Brian Ragen, whose father told him this story, wrote later that as a child he came to resent the story. He resented it because of who his father was, His father was a drunk and abusive, and Brian had a terrible childhood with this father who would tell him this glorious story. Brian always thought that his father was presenting himself as the good little boy. Brian knew his father wasn't good. When Brian grew up, he left the church and then later as an adult he began to make his way back. He came to Christmas Eve Midnight Mass one time, sat in the pew, and was thinking about the story that his now deceased father had told him as a child. He was thinking about how he had always resented that story and how the father seemed to be lifting himself up as if he had been the good little boy.
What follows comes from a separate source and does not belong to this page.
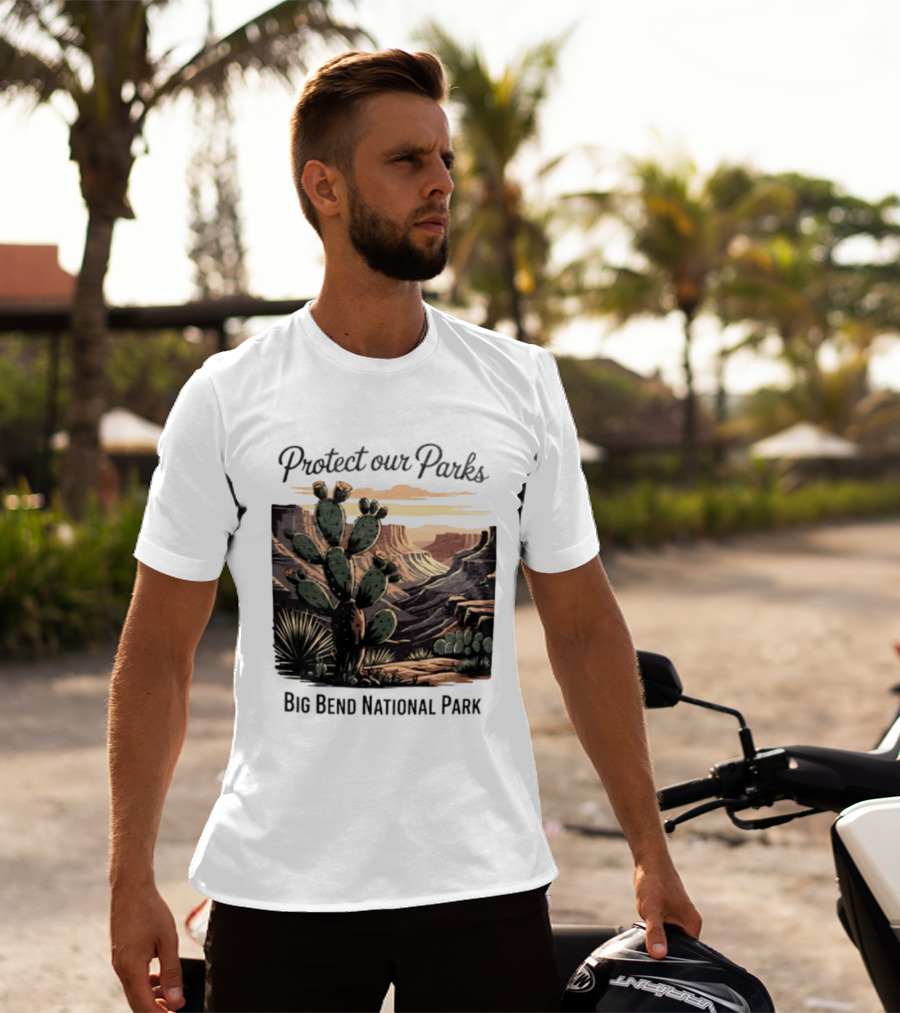 Protect Our Parks Big Bend National Park Cactus Desert Landscape Scene T-Shirt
And then he realized that his father was not the good little boy, but his father was the broken toy, and everything changed. He realized how as broken as his father was, perhaps more than anything in all the world, his father wished to be picked up and cradled in the arms of the Christ child.1

And that's our story, that's Mary’s story. It's the story of how this lonely, frightened, peasant girl could be visited by the Christ child, and it is the story of how we and all of God's children, when we are broken and tossed aside as worthless, are gathered up in the arms of God. Are you broken? Christ's arms surround you. Do you know those that are broken? Christ came to hold them in his arms. Thanks be to God.

Dr. Carl L. Schenck Manchester United Methodist Church

1. From "The baby Jesus and the Angel of Light,” by Brian Abel Ragen, The Christian Century, December 13, 1995, p. 1212-1215.